Tra gli appuntamenti centrali della rassegna il format dei Talk de ‘I Teatri di Paglia’. Ad aprire il ciclo di incontri, il giornalista e divulgatore televisivo Roberto Giacobbo, accompagnato dalle atmosfere musicali dell’ABC Trio del maestro Francesco Attesti.

Particolarmente seguito anche l’incontro con il professor Massimo Massetti, cardiochirurgo e autore, insieme ad Alfonso Dell’Erario, del libro ‘Sua maestà il cuore’. La partecipazione di Mogol, autore della musica italiana e già paziente del professore, ha aggiunto al confronto una dimensione personale e narrativa.

La rassegna si è infine conclusa con il recital in prima assoluta ‘Le parole che non ti ho detto’, con Giorgio Pasotti e il maestro Maurizio Mastrini, insieme a Claudia Tosoni e ai musicisti Sandro Lazzari, Giorgia Ginevoli e Tiziana Frattali. Parole, musica e teatro hanno riunito linguaggi differenti in una riflessione comune. Ad arricchire il programma è stata la mostra fotografica inedita ‘Le ultime tarantate’, realizzata dal giornalista Rai, scrittore e fotografo Angelo Angelastro. L’esposizione ha proposto uno sguardo sulla memoria, sulle tradizioni e sul rapporto tra uomo e territorio.

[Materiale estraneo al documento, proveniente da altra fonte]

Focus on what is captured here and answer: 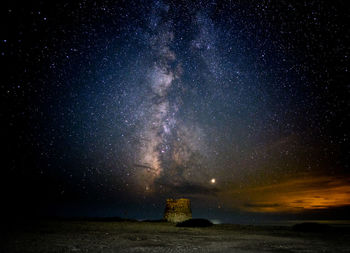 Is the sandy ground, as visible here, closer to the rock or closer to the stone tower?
the rock

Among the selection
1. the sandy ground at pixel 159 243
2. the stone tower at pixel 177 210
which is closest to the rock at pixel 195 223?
the stone tower at pixel 177 210

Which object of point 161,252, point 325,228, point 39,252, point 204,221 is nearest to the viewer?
point 39,252

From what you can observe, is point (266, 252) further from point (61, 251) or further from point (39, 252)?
point (39, 252)

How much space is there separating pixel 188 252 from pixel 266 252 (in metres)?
1.82

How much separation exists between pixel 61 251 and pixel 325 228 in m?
12.4

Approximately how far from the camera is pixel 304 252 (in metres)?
5.27

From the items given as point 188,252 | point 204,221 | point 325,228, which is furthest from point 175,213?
point 188,252

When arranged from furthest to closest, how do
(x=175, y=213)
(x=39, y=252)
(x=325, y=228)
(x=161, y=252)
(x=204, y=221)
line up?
(x=175, y=213), (x=204, y=221), (x=325, y=228), (x=161, y=252), (x=39, y=252)

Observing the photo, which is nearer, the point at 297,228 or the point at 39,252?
the point at 39,252

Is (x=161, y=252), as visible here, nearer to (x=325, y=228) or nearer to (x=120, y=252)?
(x=120, y=252)

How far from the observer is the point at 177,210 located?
17797mm

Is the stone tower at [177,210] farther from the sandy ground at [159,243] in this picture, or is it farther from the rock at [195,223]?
the sandy ground at [159,243]

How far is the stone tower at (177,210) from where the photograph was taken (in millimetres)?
17711

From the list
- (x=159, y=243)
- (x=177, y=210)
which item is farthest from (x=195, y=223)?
(x=159, y=243) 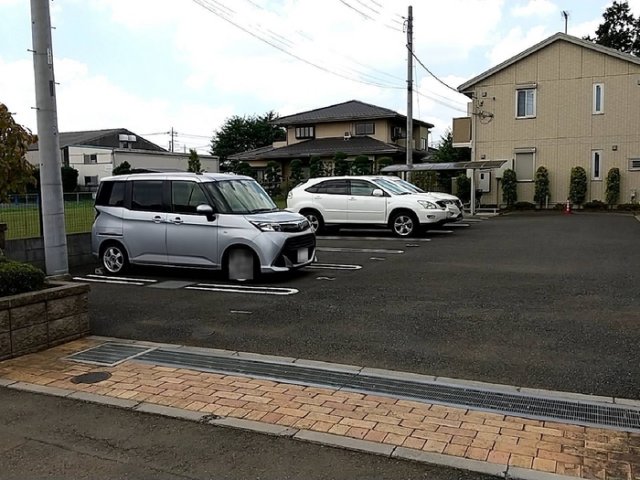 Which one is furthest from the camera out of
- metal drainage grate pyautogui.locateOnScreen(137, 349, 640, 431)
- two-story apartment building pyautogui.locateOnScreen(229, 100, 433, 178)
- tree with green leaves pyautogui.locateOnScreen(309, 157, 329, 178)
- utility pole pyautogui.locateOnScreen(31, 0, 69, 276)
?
two-story apartment building pyautogui.locateOnScreen(229, 100, 433, 178)

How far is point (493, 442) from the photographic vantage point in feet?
12.2

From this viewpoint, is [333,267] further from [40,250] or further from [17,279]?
[17,279]

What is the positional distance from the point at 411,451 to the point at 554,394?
158 centimetres

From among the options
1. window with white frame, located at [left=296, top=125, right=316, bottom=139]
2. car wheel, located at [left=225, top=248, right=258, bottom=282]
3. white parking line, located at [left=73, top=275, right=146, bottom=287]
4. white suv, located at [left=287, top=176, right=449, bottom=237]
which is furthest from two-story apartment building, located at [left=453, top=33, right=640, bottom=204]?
white parking line, located at [left=73, top=275, right=146, bottom=287]

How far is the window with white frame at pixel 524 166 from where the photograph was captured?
28.2 meters

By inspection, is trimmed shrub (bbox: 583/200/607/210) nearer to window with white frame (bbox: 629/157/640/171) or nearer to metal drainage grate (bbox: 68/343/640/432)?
window with white frame (bbox: 629/157/640/171)

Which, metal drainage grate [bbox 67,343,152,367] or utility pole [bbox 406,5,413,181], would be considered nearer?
metal drainage grate [bbox 67,343,152,367]

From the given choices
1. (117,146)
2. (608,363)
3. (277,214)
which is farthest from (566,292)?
(117,146)

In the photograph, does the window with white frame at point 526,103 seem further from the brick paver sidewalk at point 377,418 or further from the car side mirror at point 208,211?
the brick paver sidewalk at point 377,418

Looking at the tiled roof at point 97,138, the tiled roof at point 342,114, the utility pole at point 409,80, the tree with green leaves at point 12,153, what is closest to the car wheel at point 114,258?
the tree with green leaves at point 12,153

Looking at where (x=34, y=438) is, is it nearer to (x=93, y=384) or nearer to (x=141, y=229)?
(x=93, y=384)

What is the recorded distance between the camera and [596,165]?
27203 mm

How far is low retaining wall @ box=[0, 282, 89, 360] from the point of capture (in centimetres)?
564

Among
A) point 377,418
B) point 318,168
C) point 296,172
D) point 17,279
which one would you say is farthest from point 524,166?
point 377,418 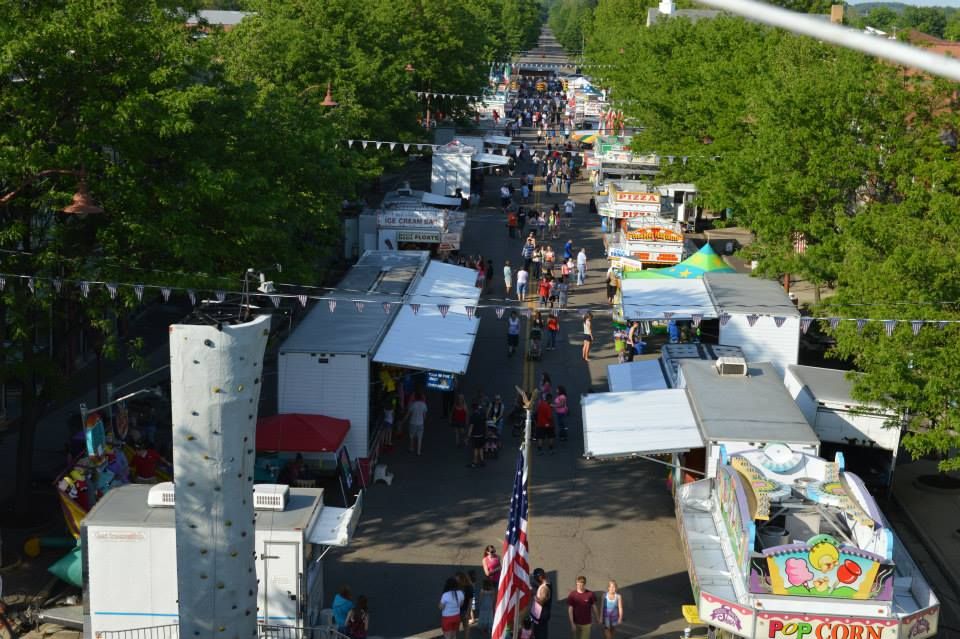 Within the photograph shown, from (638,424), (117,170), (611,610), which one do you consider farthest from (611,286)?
(611,610)

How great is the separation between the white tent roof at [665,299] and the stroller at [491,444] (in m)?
4.90

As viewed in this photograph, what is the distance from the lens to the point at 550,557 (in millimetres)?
19609

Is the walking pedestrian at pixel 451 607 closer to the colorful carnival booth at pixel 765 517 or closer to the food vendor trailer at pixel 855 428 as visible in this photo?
the colorful carnival booth at pixel 765 517

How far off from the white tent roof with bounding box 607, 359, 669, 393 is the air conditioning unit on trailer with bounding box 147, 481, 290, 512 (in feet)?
33.4

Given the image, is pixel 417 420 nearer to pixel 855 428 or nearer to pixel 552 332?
pixel 855 428

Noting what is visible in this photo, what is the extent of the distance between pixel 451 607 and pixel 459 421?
366 inches

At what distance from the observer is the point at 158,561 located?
1516 centimetres

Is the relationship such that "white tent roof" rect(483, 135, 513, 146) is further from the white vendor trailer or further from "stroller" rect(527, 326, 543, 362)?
the white vendor trailer

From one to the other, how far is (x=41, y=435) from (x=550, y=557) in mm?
11824

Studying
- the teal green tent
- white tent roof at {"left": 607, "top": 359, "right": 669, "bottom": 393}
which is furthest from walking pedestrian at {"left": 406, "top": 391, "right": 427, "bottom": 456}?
the teal green tent

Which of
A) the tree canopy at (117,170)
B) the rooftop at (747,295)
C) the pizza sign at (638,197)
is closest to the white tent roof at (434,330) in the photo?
the tree canopy at (117,170)

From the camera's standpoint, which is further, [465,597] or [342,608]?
[465,597]

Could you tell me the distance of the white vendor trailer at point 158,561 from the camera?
15.2 metres

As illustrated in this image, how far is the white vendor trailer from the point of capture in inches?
597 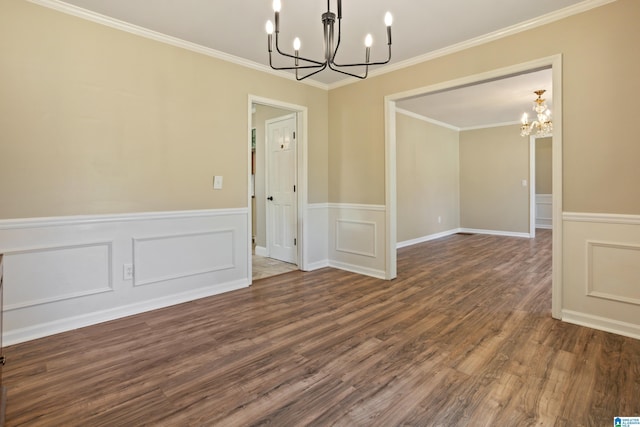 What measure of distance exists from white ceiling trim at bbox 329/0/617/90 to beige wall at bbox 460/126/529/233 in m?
4.87

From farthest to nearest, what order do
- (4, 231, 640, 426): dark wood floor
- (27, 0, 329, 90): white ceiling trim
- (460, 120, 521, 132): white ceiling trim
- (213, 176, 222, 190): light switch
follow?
(460, 120, 521, 132): white ceiling trim < (213, 176, 222, 190): light switch < (27, 0, 329, 90): white ceiling trim < (4, 231, 640, 426): dark wood floor

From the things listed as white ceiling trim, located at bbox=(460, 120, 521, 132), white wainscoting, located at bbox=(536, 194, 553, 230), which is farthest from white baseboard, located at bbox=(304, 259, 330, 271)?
white wainscoting, located at bbox=(536, 194, 553, 230)

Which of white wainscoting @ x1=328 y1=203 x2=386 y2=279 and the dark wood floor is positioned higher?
white wainscoting @ x1=328 y1=203 x2=386 y2=279

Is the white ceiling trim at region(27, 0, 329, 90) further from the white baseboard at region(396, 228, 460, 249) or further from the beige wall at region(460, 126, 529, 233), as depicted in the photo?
the beige wall at region(460, 126, 529, 233)

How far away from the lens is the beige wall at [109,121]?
2.46 metres

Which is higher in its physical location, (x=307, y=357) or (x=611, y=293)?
(x=611, y=293)

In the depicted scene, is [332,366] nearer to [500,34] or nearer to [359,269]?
[359,269]

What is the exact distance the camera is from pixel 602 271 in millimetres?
2637

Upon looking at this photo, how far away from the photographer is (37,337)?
99.6 inches

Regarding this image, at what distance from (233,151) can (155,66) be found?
109 centimetres

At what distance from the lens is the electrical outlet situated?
2.96 m

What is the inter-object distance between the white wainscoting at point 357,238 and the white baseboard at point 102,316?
1.61m

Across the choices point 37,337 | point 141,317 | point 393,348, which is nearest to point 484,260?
point 393,348

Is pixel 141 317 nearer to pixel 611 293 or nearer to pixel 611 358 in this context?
pixel 611 358
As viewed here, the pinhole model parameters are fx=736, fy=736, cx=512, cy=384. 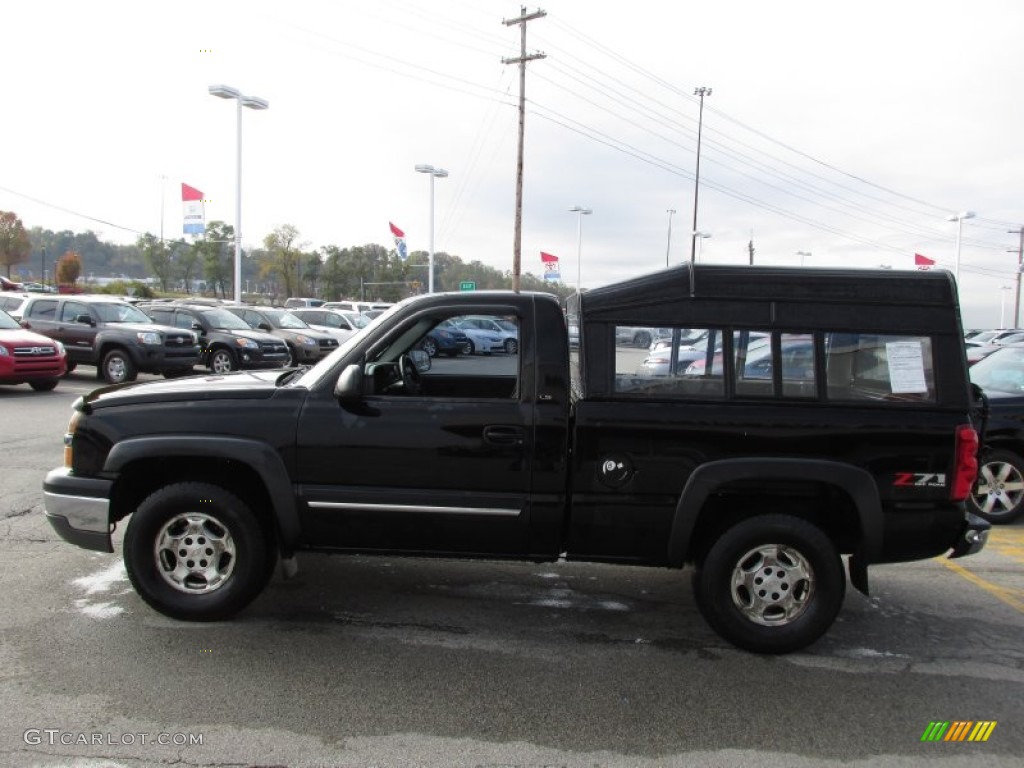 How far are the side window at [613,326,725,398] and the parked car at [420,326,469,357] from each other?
4.18 feet

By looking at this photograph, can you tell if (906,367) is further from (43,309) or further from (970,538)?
(43,309)

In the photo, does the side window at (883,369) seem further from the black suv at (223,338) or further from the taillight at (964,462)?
the black suv at (223,338)

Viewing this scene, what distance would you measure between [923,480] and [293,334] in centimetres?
1841

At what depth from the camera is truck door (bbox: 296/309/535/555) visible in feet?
12.9

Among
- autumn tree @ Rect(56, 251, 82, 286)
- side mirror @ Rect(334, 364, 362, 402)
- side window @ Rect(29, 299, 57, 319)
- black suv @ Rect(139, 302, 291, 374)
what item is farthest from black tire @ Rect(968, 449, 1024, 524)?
autumn tree @ Rect(56, 251, 82, 286)

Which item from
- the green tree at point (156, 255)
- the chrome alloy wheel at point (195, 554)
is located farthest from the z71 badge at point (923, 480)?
→ the green tree at point (156, 255)

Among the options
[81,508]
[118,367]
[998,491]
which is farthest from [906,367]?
[118,367]

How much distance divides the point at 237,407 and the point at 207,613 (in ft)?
3.82

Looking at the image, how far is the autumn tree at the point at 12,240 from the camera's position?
62781 millimetres

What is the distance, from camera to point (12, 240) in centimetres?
6303

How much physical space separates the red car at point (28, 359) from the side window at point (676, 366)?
12756 mm

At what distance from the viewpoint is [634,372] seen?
3992mm

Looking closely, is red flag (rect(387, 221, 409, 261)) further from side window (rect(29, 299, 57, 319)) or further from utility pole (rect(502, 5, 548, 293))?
side window (rect(29, 299, 57, 319))

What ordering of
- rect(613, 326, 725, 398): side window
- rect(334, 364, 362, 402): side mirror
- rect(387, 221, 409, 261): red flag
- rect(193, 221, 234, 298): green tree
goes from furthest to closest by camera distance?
rect(193, 221, 234, 298): green tree → rect(387, 221, 409, 261): red flag → rect(613, 326, 725, 398): side window → rect(334, 364, 362, 402): side mirror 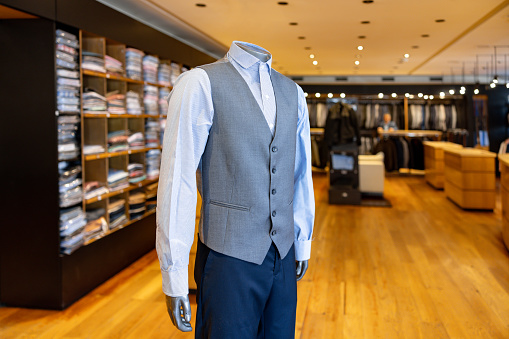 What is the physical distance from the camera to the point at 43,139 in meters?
3.53

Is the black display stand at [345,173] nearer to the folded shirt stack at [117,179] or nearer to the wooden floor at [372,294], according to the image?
the wooden floor at [372,294]

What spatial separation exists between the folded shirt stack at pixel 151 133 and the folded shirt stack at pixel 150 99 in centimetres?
13

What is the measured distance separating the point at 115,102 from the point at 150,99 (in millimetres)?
957

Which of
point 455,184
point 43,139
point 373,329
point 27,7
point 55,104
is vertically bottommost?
point 373,329

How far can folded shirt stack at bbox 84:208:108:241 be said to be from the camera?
4039 millimetres

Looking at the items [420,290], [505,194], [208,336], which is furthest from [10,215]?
[505,194]

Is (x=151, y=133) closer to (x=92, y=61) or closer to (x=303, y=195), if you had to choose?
(x=92, y=61)

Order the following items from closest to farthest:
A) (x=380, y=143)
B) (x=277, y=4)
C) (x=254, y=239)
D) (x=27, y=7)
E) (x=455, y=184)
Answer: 1. (x=254, y=239)
2. (x=27, y=7)
3. (x=277, y=4)
4. (x=455, y=184)
5. (x=380, y=143)

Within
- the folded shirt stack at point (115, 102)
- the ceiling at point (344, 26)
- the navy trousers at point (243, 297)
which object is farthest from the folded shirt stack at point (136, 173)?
the navy trousers at point (243, 297)

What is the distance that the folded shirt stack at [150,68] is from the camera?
17.4 ft

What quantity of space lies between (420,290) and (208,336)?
3.01 meters

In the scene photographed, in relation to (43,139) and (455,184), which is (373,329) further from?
(455,184)

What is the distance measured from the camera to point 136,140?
16.9 ft

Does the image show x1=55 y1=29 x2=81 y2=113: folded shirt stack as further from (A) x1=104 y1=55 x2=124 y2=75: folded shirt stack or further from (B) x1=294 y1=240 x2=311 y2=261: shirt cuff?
(B) x1=294 y1=240 x2=311 y2=261: shirt cuff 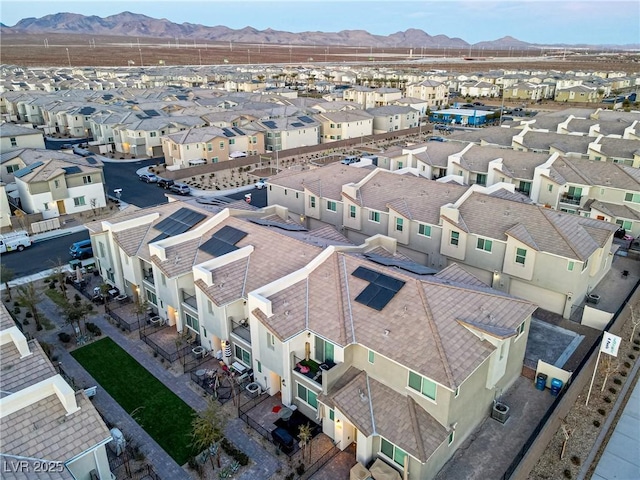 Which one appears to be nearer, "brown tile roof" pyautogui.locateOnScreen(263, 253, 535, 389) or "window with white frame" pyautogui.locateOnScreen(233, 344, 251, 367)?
"brown tile roof" pyautogui.locateOnScreen(263, 253, 535, 389)

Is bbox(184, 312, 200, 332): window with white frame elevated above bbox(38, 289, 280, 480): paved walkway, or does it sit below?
above

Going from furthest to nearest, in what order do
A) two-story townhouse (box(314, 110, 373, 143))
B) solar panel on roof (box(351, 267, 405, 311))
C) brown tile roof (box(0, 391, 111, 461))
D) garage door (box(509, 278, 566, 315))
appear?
two-story townhouse (box(314, 110, 373, 143)), garage door (box(509, 278, 566, 315)), solar panel on roof (box(351, 267, 405, 311)), brown tile roof (box(0, 391, 111, 461))

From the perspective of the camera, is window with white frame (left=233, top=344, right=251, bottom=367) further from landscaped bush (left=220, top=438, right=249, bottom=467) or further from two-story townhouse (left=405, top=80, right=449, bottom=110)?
two-story townhouse (left=405, top=80, right=449, bottom=110)

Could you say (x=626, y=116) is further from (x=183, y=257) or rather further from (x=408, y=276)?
(x=183, y=257)

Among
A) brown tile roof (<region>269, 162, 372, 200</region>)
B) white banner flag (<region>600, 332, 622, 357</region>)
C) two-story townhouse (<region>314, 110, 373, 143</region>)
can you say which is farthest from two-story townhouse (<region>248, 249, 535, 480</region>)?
two-story townhouse (<region>314, 110, 373, 143</region>)

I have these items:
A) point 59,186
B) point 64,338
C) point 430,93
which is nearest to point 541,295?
point 64,338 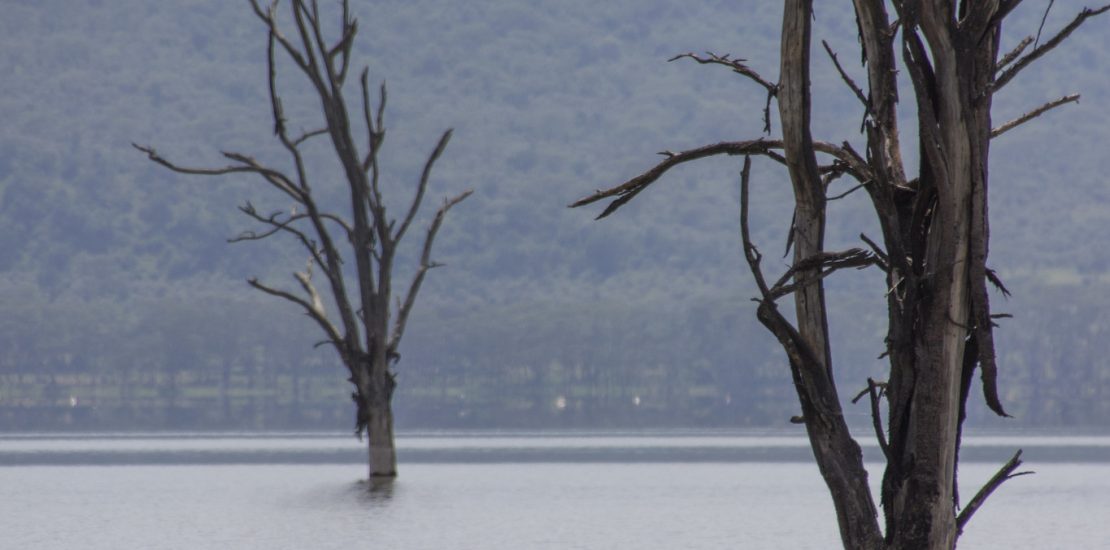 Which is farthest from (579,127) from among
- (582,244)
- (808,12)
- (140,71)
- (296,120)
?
(808,12)

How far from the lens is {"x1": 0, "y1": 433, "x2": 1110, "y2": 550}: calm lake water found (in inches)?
762

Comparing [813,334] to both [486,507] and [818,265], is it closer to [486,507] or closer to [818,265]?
[818,265]

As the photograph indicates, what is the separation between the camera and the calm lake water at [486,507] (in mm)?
19344

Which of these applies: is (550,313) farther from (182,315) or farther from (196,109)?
(196,109)

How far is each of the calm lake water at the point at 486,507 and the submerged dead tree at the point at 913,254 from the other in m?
9.42

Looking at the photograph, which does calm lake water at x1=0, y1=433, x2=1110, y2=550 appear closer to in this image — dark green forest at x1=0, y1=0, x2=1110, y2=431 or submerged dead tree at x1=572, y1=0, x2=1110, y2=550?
submerged dead tree at x1=572, y1=0, x2=1110, y2=550

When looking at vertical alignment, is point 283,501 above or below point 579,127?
below

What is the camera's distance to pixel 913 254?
9008mm

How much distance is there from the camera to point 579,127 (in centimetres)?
18400

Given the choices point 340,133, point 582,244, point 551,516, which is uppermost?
point 582,244

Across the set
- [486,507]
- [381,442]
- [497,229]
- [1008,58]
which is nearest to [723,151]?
[1008,58]

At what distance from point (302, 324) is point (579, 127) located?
4390 centimetres

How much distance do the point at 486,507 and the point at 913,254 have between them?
17504 millimetres

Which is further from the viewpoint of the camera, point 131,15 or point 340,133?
point 131,15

Dagli incontri è emerso il tema del rispetto dell’ambiente come elemento essenziale per una cultura della salute. Il festival ha proposto una formula lontana dai tradizionali luoghi della cultura, utilizzando il borgo, l’anfiteatro naturale, le rotoballe di paglia e gli spazi del centro storico come parte integrante dell’esperienza.

L’organizzazione guarda ora alla prosecuzione del progetto, con l’obiettivo di mantenere a Giove uno spazio di incontro tra cultura, scienza, musica e ambiente, coinvolgendo istituzioni, associazioni, cittadini e realtà del territorio.